## PROBLEM
Include the line containing "Resigilat-Generator curent 3.5kW" and all lines before it, repeated exactly from the listing below, without pictures.
[Opening COLLECTED DATA section]
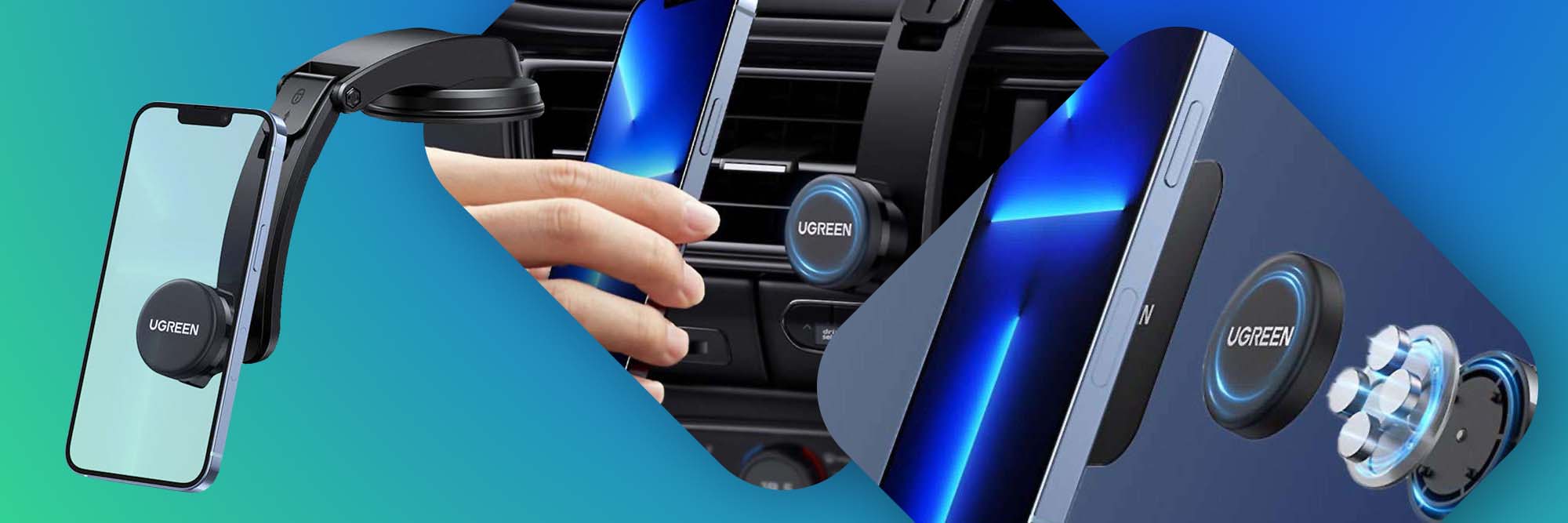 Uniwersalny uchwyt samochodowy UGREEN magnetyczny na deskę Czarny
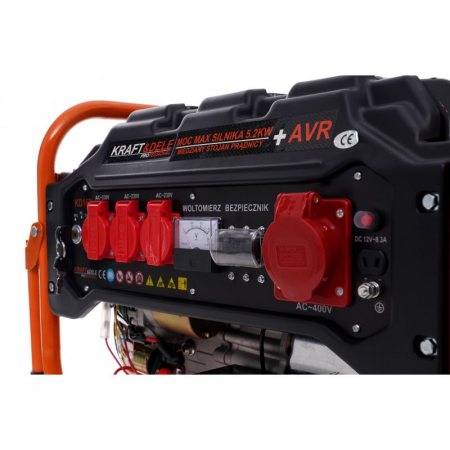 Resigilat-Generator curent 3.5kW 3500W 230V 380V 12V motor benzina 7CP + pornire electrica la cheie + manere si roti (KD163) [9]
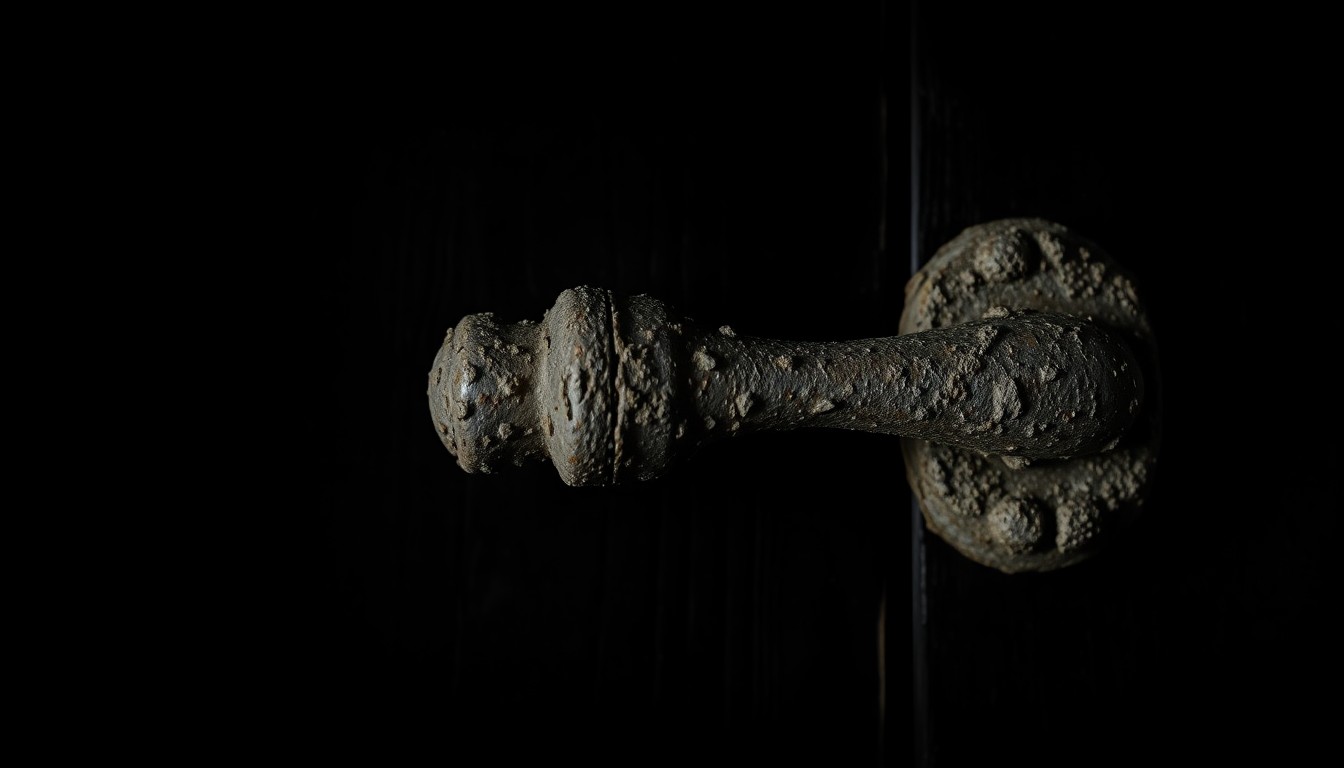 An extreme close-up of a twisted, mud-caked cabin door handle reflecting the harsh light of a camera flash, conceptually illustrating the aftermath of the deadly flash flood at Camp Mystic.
[Closing COLLECTED DATA section]
## ANSWER TO THE PROBLEM
 Uniwersalny uchwyt samochodowy UGREEN magnetyczny na deskę Czarny
 Resigilat-Generator curent 3.5kW 3500W 230V 380V 12V motor benzina 7CP + pornire electrica la cheie + manere si roti (KD163) [9]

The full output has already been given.